February. Grant Park recorded gains during the month. Class A units were up 7.05%, Class B units were up 7.03%, Legacy 1 Class units were up 7.16%, Legacy 2 Class units were up 7.15%, Global 1 Class units were up 7.20% and Global 2 Class units were up 7.17%. Grant Park’s February performance was positive. Positive performance in the agriculturals sector was led by positions in cocoa, cotton, soybeans, corn, soybean meal and canola. Performance in the stock indices sector was positive and was driven by positions in the Nikkei, Nasdaq, S&P 500 and Dax indices. Currencies sector performance was positive, led by gains from positions in the Japanese yen, Mexican peso and Swiss franc. The interest rate sector performance was relatively unchanged as gains from positions in euro-schatz and U.S. 2-year treasury notes were offset by losses from positions in the euribor, Italian government bonds and the 3-month SONIA. The energies sector was essentially flat as gains from positions in gasoline blendstock were offset by losses from heating oil positions. Negative performance in the metals sector was driven by positions in iron ore, gold and nickel.

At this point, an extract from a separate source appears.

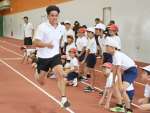 台湾の陸上選手の走りを見学する菱田小児童＝１１日、大崎町のジャパンアスリートトレーニングセンター大隅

March. Grant Park recorded gains during the month. Class A units were up 1.71%, Class B units were up 1.66%, Legacy 1 Class units were up 1.89%, Legacy 2 Class units were up 1.87%, Global 1 Class units were up 1.94% and Global 2 Class units were up 1.92%. Grant Park’s March performance was positive. Performance in the stock indices sector was positive and was driven by positions in the Nikkei, Dax, Eurostoxx and FTSE indices. Currencies sector performance was positive, led by gains from positions in the Mexican peso, Swiss franc and Japanese yen. The energies sector was positive due to gains from positions in gasoline blendstock and crude oil. Negative performance in the agricultural sector was led by positions in cotton, soybeans and corn. The interest rate sector performance was negative due to positions in German bunds and the 3-month SONIA. Negative performance in the metals sector was driven by positions in palladium, iron ore and high-grade copper and partially offset by gains in gold.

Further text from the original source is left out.